Genau darin: Dass ein Papst in die Basisperspektive wechselt - und das Kirchenrecht locker in ein paar Fußnoten verweist. Franziskus spielt den heißen Ball "Wie hält es die Kirche mit dem Sex?" kraftvoll ins Feld der Weltkirche zurück. Schließlich, so der Papst am Ende der Synode, könne bei diesem heiklen Thema, "was für einige Gewissensfreiheit ist", für "andere nur Verwirrung bedeuten." Das bedeutet: Werdet ihr damit fertig, ich sage euch nur, wohin es führen soll: über Barmherzigkeit zur Freude aneinander.

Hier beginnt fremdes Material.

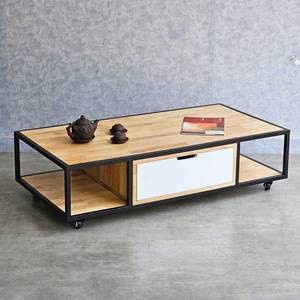 Modern Tea <b>Table</b> Rubber Wood with Iron Frame 120x60x35cm Living Room Furniture Durable TT68276 - Product Image 2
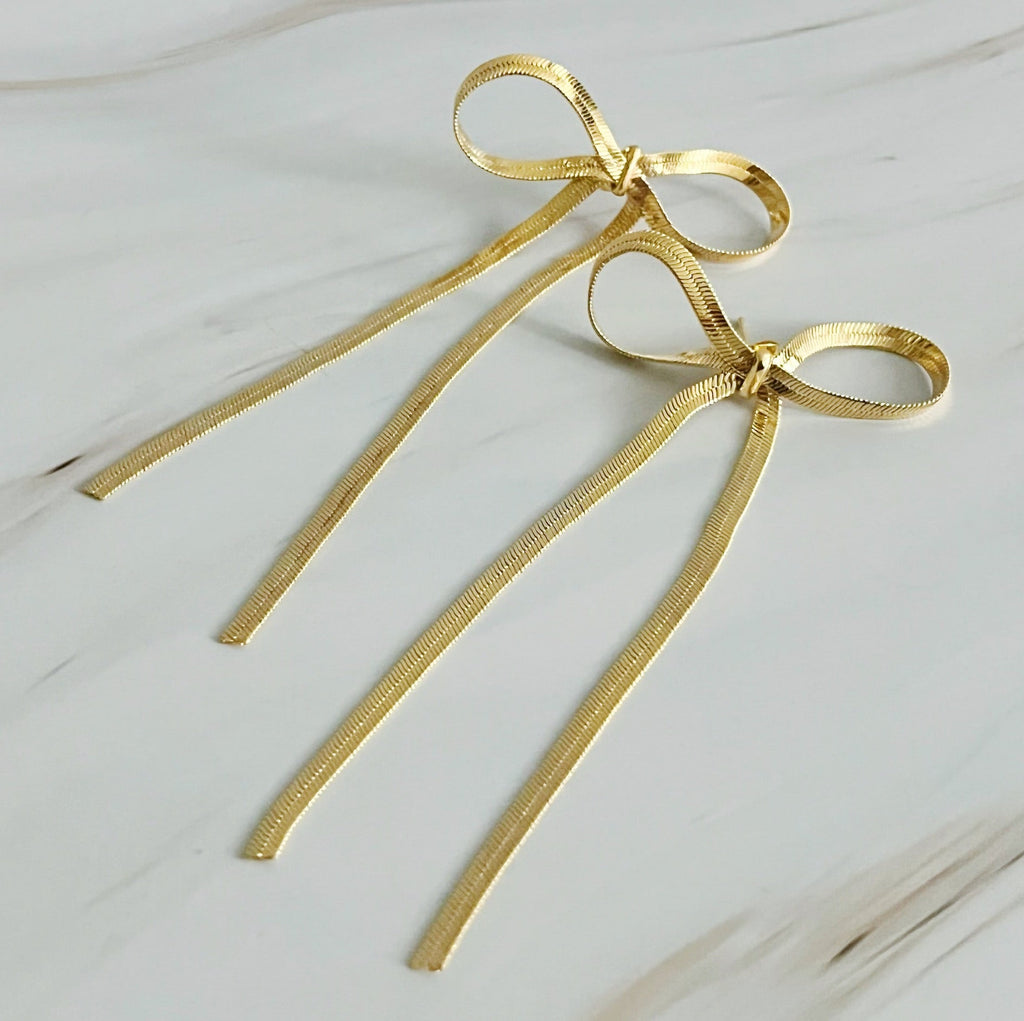 Long Drop Bow Earrings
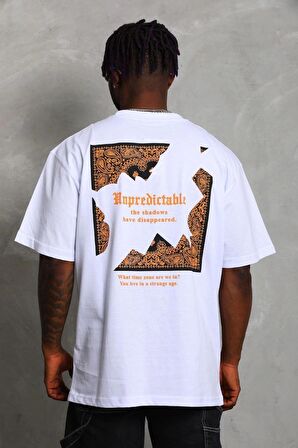 Unisex Oversize Baskılı Bisiklet Yaka T-Shirt - Beyaz
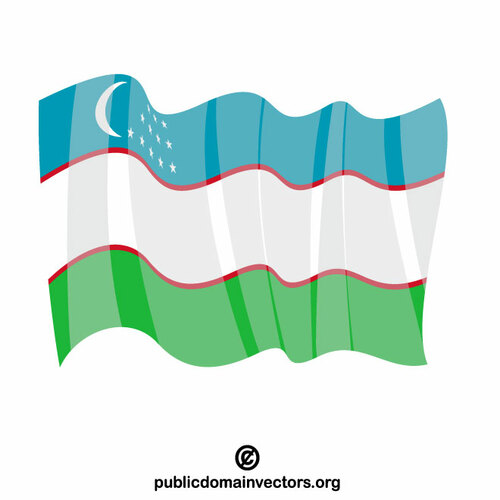 Oezbekistan zwaaiende vlag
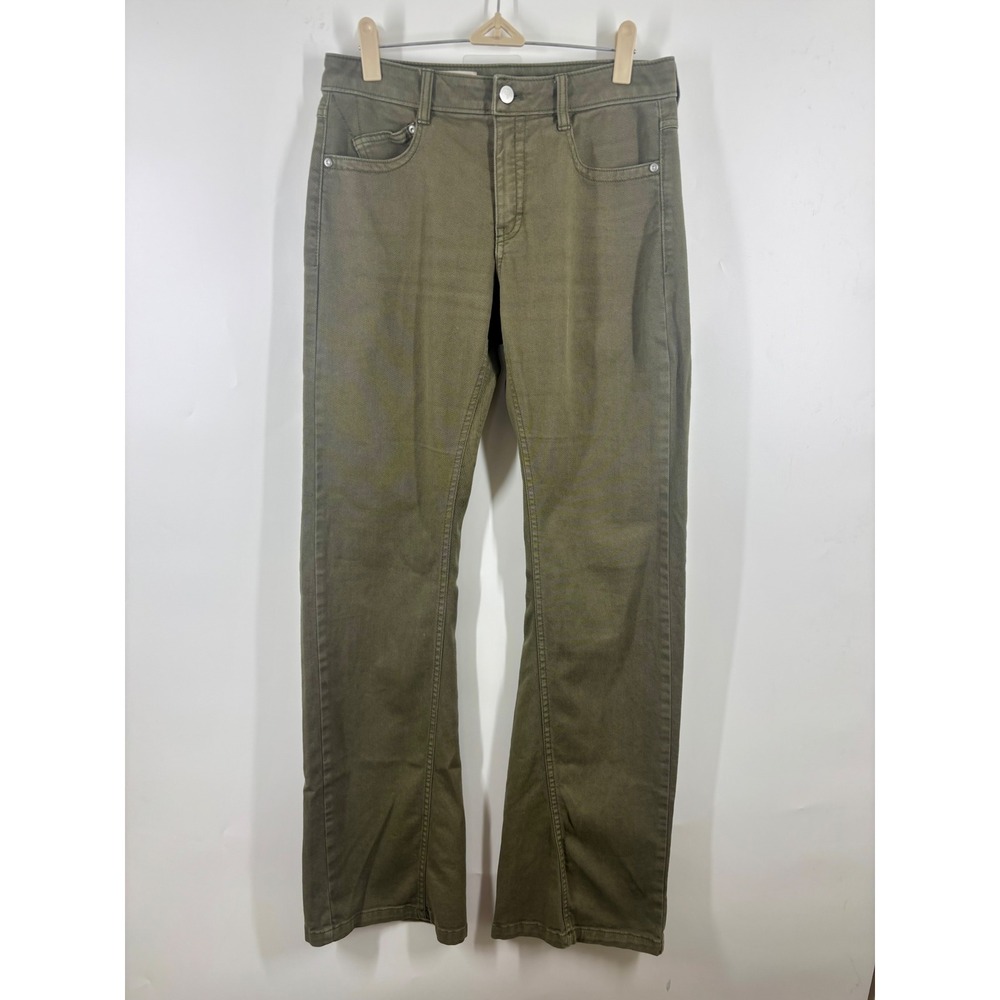 Pilcro and the Letterpress Women Olive Green Mid Rise Flare Leg Pants Size 27
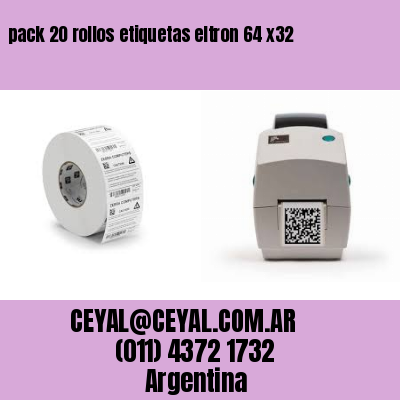 pack 20 rollos etiquetas eltron 64 x32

Die Frage ist nur, ob das System genug Ressourcen und die angemessenen Strukturen bereithält, die nun unvermeidlich auftretende Entscheidungs- und Pluralitätsproblematik auch wirklich zu lösen. Vielleicht ist des Papstes steiler franziskanischer Pass ins Feld der erstaunten Weltkirche, ja des Jesuiten Bergoglio raffinierte Strategie, die Dezentralisierung und Synodalisierung seiner Kirche voranzutreiben. Man sollte Jesuiten nie für naiv halten. Wenn sie franziskanisch agieren schon gar nicht.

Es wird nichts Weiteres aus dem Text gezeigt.